Culture

Lire : Pierre Ansart, « Naissance de l’anarchisme, Esquisse d’une explication sociologique du proudhonisme »




Faut-il lire le livre de Pierre Ansart, consacré à Proudhon ? Si on se réfère à ce dernier, des réflexes de refus pourraient émerger, notamment en rapport avec ses positions envers les femmes ; si l’on se tourne vers la critique qu’en fit Marx, la condamnation du petit-bourgeois est sans appel. Mais avec un peu de curiosité intellectuelle, enfreindre ces premières répulsions permet de découvrir une autre lecture de Pierre-Joseph.

Pierre Ansart livre dans cet ouvrage une approche sociologique de l’œuvre de Proudhon, une relecture à la lumière des réalités économiques des années 1830 et suivantes. L’ouvrage, intitulé Naissance de l’anarchisme, n’aborde que sur la fin cette problématique. La première partie dresse le portrait économique de la France de l’époque, de sa ruralité, de l’émergence des premières concentrations capitalistes et, entre les deux, des ateliers, de l’artisanat si chers à Proudhon. Sont évoquées à grands traits ces mutations socio-économiques et leurs conséquences sur les populations ouvrières, paysannes et artisanales ; l’émergence massive d’une population déclassée, sous-payée et surexploitée : les femmes, les enfants. Le livre essaye de transcrire en termes simples cette parole ouvrière et très rapidement sont abordées les questions cruciales de la capacité politique de la classe ouvrière, du mutuellisme, de l’association et de la révolution. S’il fallait établir une filiation historique, cela évoquerait plus les premières heures de la première Internationale, avant la rupture avec Marx et les partisans d’une primauté de l’action partisane politique.

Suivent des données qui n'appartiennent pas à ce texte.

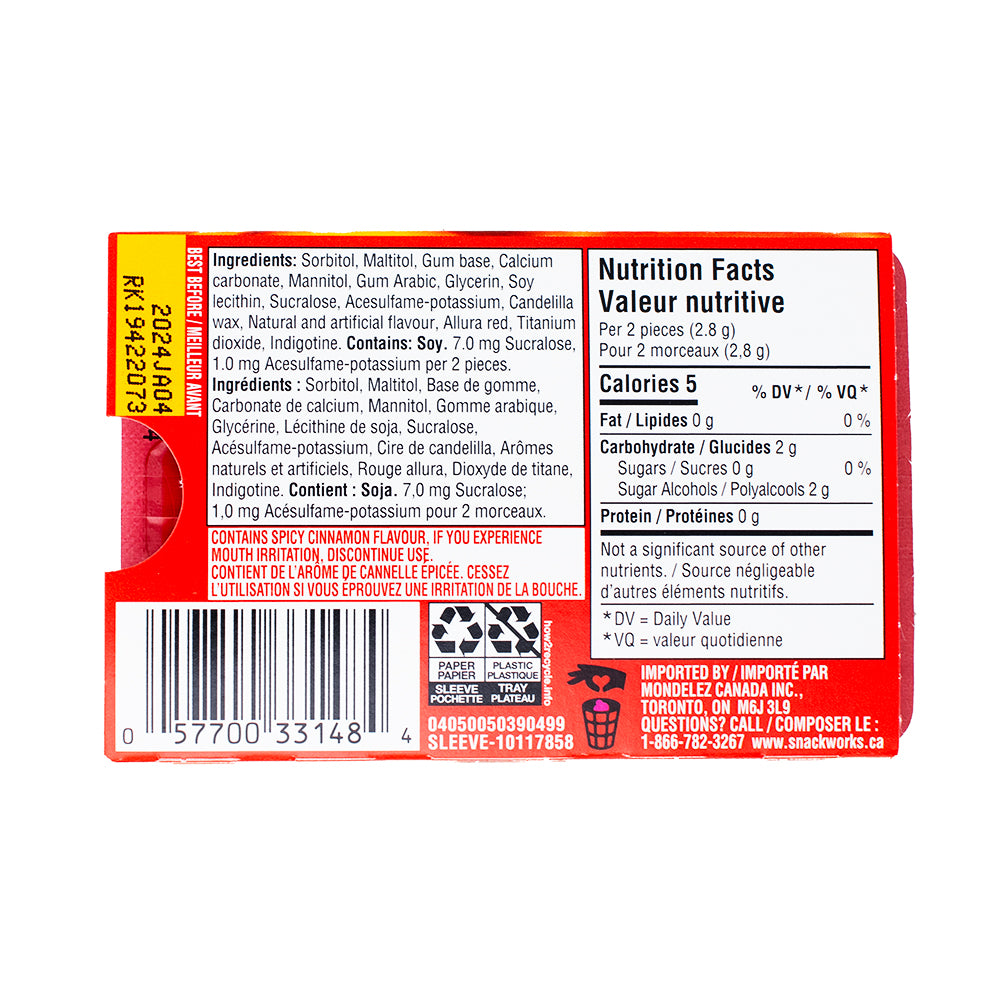 Dentyne Cinnamon Fire Gum 12 Pieces - 12 Pack Box **BB JAN 04/24** Nutrition Facts Ingredients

On ne peut guère accuser Pierre Ansart de méconnaître Marx ou Proudhon à qui il consacra plusieurs écrits. La préface de l’ouvrage est signé de Freddy Gomez qui nous rappelle que Pierre Ansart avait souhaité « confronter l’oeuvre de Marx à celle de Proudhon “en dehors de toute polémique partisane et le plus honnêtement possible” ». La note de présentation en quatrième de couverture résume à merveille l’objectif de ce livre : « calomnié par Marx, dévoyé par l’extrême droite, délaissé par les libertaires eux-mêmes, Pierre-Joseph Proudhon, le fondateur de l’anarchisme, reste aujourd’hui encore le mal-aimé, presque un inconnu. ».

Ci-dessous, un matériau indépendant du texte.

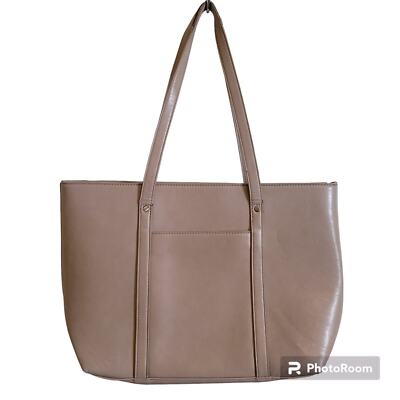 Classic Taupe Faux Leather Tote Bag Large Capacity Shoulder Handbag Work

La grandiloquence de la note – « essai magistral », « quintessence de sa pensée sociale »… – pourrait rebuter la lectrice ou le lecteur. Mieux vaut s’en tenir à la suite de cette présentation : le refus du capitalisme, de la mécanisation à tous crins, de ce système d’exploitation. Et ce témoignage des mondes de l’atelier et de la petite manufacture, de cet ouvrier-artisan qui maîtrise un savoir-faire et un savoir-être. C’est le monde des canuts et non celui de la petite-bourgeoisie. Cela n’efface pas les erreurs d’appréciations, de jugements à l’emporte-pièce, que put proférer Proudhon. Ses écrits complexes et emberlificotés ne sont pas toujours évidents à parcourir, mais ils sont la trace historique d’une recherche de nouvelles configurations sociales capables de permettre l’émergence d’une parole ouvrière authentique, avec toute sa complexité et toutes ses errances.

Dominique Sureau (UCL Angers)

  • Pierre Ansart, Naissance de l’anarchisme, Esquisse d’une explication sociologique du proudhonisme, L’Échappée, 2025 (réédition de l’ouvrage paru aux PUF en 1970), 384 pages, 22 euros.